=== Begin Enclosure ===
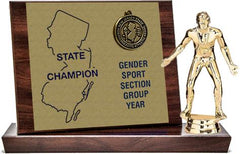 Wrestling State Champion Award, Cherry Finish Styled Replica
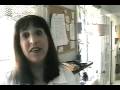 How diet affects your child - http://www.nutritionforlearning.com How diet affects your child - http://www.nutritionforlearning.com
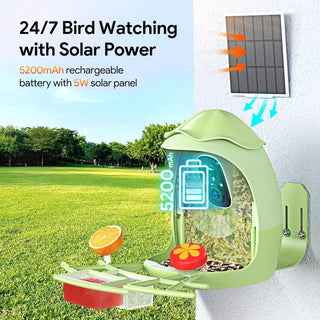 Osoeri Smart Bird Feeder with Camera - AI Identify & 2K HD Live Video, Instant Arrival Alerts, Solar Birdhouse for Outdoor, Hummingbird Watching Gifts for Bird Lover & Family, 2.4GHz WiFi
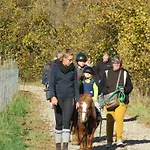 Gites Du Moulin, Centre Equestre, Restaurant Сasa de vacaciones Widensolen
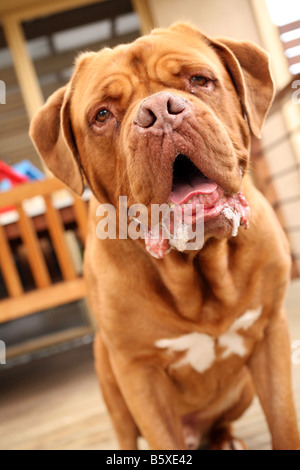 A friendly French Mastiff dog Stock Photo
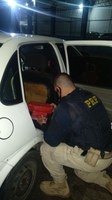 PRF apreende dois tabletes de maconha na BR 101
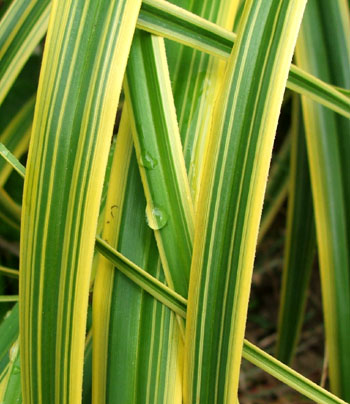  A beautiful variegated variety called 'trifida'.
=== End Enclosure ===
• _WHAT YOU SHOULD DO_
Each line of the listing above should be retyped exactly, with no pictures.

• _RESULT_
 Wrestling State Champion Award, Cherry Finish Styled Replica
 How diet affects your child - http://www.nutritionforlearning.com How diet affects your child - http://www.nutritionforlearning.com
 Osoeri Smart Bird Feeder with Camera - AI Identify & 2K HD Live Video, Instant Arrival Alerts, Solar Birdhouse for Outdoor, Hummingbird Watching Gifts for Bird Lover & Family, 2.4GHz WiFi
 Gites Du Moulin, Centre Equestre, Restaurant Сasa de vacaciones Widensolen
 A friendly French Mastiff dog Stock Photo
 PRF apreende dois tabletes de maconha na BR 101
  A beautiful variegated variety called 'trifida'.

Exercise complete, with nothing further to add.